As mentioned in the summary, one benefit of IOUSes is the ability to write fast and simple code for specific cases, and as such, you may not want to use the fully generic version in everyday cases. However, the full pseudocode for the generic conversions is left below for reference.

IOUS to IOKS

  1. If the buffer is empty, terminate with error.
  2. Set data-units to zero.
  3. Set length-units to zero.
  4. Loop the following:
    1. Set temp-unit to the unit at index length-units.
    2. Set temp-bits to the number of leading disabled bits in temp-unit.
    3. Add temp-bits to data-units.
    4. Increment length-units.
    5. If data-units is greater than the ceiling:
      1. Set data-units to the ceiling.
      2. Set temp-bits to the ceiling modulo the unit bits.
      3. If temp-bits is zero, set extra-data-bits to zero. Otherwise, Set extra-data-bits to the unit bits minus temp-bits.
      4. Terminate the loop.
    6. If temp-bits is less than the unit bits:
      1. Set extra-data-bits to the unit bits minus temp-bits minus one. The minus one is the terminating bit.
      2. Terminate the loop.
    7. If length-units is not less than the length of the buffer, terminate with error.
  5. Set past-end to length-units plus data-units.
  6. If the length of the buffer is less than past-end, terminate with error.
  7. If extra-data-bits is nonzero:
    1. Decrement length-units.
    2. Set temp-bits to the unit bits.
    3. Subtract extra-data-bits from temp-bits.
    4. Set temp-unit to the unit at index length-units.
    5. Left-shift temp-unit by temp-bits.
    6. Right-shift temp-unit by temp-bits. This will be a logical shift for unsigned units and an arithmetic shift for signed units.
  8. The IOKS begins at index length-units and terminates at index past-end.
  9. The IOUS terminates immediately after the IOKS.

IOKS to IOUS

Preparation

When converting an IOKS to an IOUS, you'll want to ensure that the IOKS is as small as possible.
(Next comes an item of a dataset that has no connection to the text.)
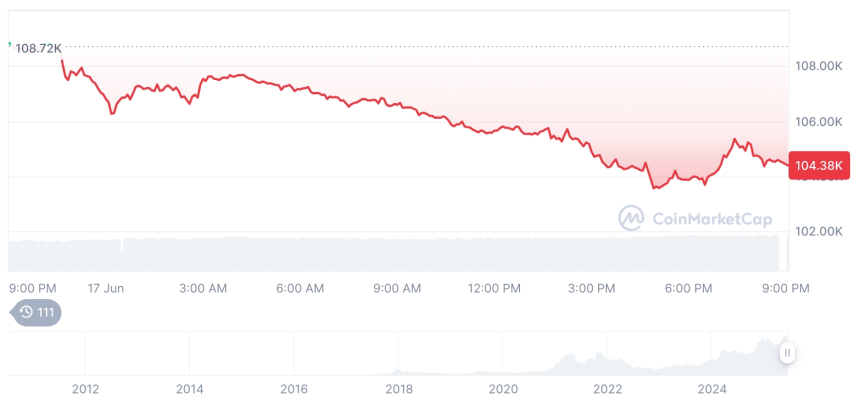  [모닝 시세브리핑] 암호화폐 시장 하락세… 비트코인 10만4천 달러, 이더리움 2,511달러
For unsigned integers, this means that you'll want to remove all leading zero units and mark down the number of leading disabled bits as the "trimmable" bits.

For positive signed integers, you can perform the same conversion as unsigned integers, with one caveat: you can trim one fewer bits than you would otherwise, as this has to be retained as the sign bit.

For negative signed integers, you'll want to remove leading negative-one units and mark down the number of leading enabled bits, also being able to trim one fewer bits.

Conversion

  1. Set trimmable-bits to the number of trimmable bits. This quantity is described in the previous section.
  2. Set length-bits to the number of units in the IOKS.
  3. Set length-units to length-bits divided by the unit bits, rounding down.
  4. Set extra-data-bits to negative length-bits Euclidean-modulo the unit bits.
  5. If extra-data-bits is greater than the trimmable bits:
    1. Set data-unit to the first unit in the IOKS.
    2. Right-shift temp-unit by the unit bits minus one. This will be a logical shift for unsigned units and an arithmetic shift for signed units.
    3. Insert data-unit at the beginning of the IOKS.
  6. Set length-unit to negative one.
  7. Left-shift length-unit by extra-data-bits minus one.
  8. Set data-unit to the first unit in the IOKS.
  9. If data-unit is negative:
    1. And the bits of data-unit with length-unit.
  10. Left-shift length-unit by one.
  11. Or the bits of data-unit with length-unit.
  12. Replace the first unit of the IOKS with data-unit.
  13. Insert length-units negative-one units at the beginning of the IOKS.

License

Released to the public domain to the greatest extent possible via the CC0 License.